Beyond Stigma: How to Take Care of Your Mental Health During National Minority Mental Health Awareness Month

Gray bachground with an African American woman smiling at the camera. on the left of her are the words "Beyond Stigma: How to Take Care of Your Mental Health".

National Minority Mental Health Awareness Month is observed each July to bring awareness to the unique struggles that all communities of color face with mental illness in the United States. With the cultural stigma surrounding mental health care, discrimination, and lack of access to quality mental health care services, it’s more important than ever to recognize and address the unique challenges.  

Our recruiters at KPG Healthcare care about your mental health and if you need any assistance, reach out to your recruiter or anyone on staff. We are always here to help! But if you have other needs or would like to seek more long-term solutions for your mental well-being, below are resources for you to use at your disposal.  

Logo of the National Suicide & Crisis Lifeline with their number to call or text in English or Spanish, 988 in black and white

If you are in immediate distress please call or text the National Suicide and Crisis Lifeline (988), a 24/7 lifeline that provides confidential support to people in suicidal crisis or emotional distress, or 911 

Image of two hands clapsed together forming a heart in black and white with a caption that says "helping your community starts with helping yourself!"
Helping your community starts with helping yourself!

Some great resources for long-term mental health care:

BEAM (Black Emotional and Mental Health) 

“Imagine a world where there are no barriers to Black healing”. That is the world BEAM works to create. They envision a world where there are no barriers to Black Healing dedicated to the healing, wellness, and liberation of Black communities and the intersection of other communities.

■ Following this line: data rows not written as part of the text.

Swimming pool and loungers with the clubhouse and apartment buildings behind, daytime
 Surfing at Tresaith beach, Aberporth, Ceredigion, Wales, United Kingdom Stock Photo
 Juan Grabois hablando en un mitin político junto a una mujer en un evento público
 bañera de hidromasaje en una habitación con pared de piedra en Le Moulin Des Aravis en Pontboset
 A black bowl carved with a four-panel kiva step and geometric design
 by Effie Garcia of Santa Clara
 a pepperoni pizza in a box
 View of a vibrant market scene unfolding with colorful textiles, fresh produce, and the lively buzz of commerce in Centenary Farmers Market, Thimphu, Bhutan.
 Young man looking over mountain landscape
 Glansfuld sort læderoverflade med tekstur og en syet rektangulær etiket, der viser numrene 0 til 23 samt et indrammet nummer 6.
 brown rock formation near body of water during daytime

They offer training, events, peer-supported spaces, and various wellness tools. There is even a wellness directory to find a virtual black therapist, doula, yoga teacher, mediator, homeopathy, and much more. 

Therapy for Black Men  

Started in New York, this nationwide therapy directory is specifically for Black men and boys who face unique challenges and stigmatization and need a dedicated space for seeking and finding mental health support and targeted resources to strip away stigmatization and ease the process of finding help. Therapy for Black Men offers career counseling, relationship counseling, trauma therapy, and more! 

Therapy for LatinX 

In partnership with MHA and PsychoSocial, it is a database of therapists who either identify as LatinX or have worked in the past with LatinX communities, giving them an understanding of their unique needs and challenges. It works in a similar way to Yelp even providing therapists who work with your insurance! Some of their specific offerings include individual therapy, family therapy, group therapy, couples therapy, sliding-scale therapy, and more! 

The Asian Mental Health Collective 

AMHC aspires to make mental health easily available, approachable, and accessible to Asian communities worldwide. Their work is vital to normalizing and de-stigmatizing mental health within the Asian American and Canadian communities as well as hosting a database of Asian therapists in the U.S. and Canada for your specific needs.

While they host events and offer trainings, their “Lotus Therapy Fund” provides individuals with financial support for the equivalent of 8 therapy sessions on a needs-based first come, first served basis with the goal to make psychotherapy as available, accessible, and approachable as possible to the Asian community! 

The National American Indian and Alaska Native MHTTC 

Funded by the Substance Abuse and Mental Health Services Administration, NAIAAN MHTTC is a nationwide organization that works with organizations and treatment practitioners involved in the delivery of mental health services to American Indian and Alaska Native individuals, families, and tribal and urban Indian communities to strengthen their capacity to deliver effective evidence-based and experience-based practices.

They offer a wealth of resources, including K-12, Leadership Academy, COVID-19, LGBTQ/Two-Spirit Wellness, Refugee and Asylum Seeker, Provider Well-Being, and more! 

Image of a person hunched over on the right, a string entangled in their mind and hair and a disembodied hand unraveling it on the leftHotlines for peer support divested from police: 


BlackLine (1-800-604-5841)

Provides a space for peer support, counseling, witnessing, and affirming the lived experiences of people who are most impacted by systematic oppression doing so with an LGBTQ+ Black femme lens. Operating since 2017 they are there to answer messages from anyone who may be in crisis, wants to describe an interaction with law enforcement or vigilantes, or simply needs to talk through an experience. 

Trans Lifeline (1-877-565-8860)

Trans Lifeline is a grassroots hotline and microgrants 501(c)(3) non-profit organization offering direct emotional and financial support to trans people in crisis – for the trans community, by the trans community.  They envision a world where trans people have the connection, economic security, and care, everyone, needs and deserves – free of prisons and police. It is guided by the principles of Peer Support, Community Not Cops, Harm Reduction, Confidentiality & Anonymity, Structural not Pathological, Informed Consent, Autonomy & Self Determination, Equity Not Equality, Dismantling White Supremacy, and Financial Redistribution.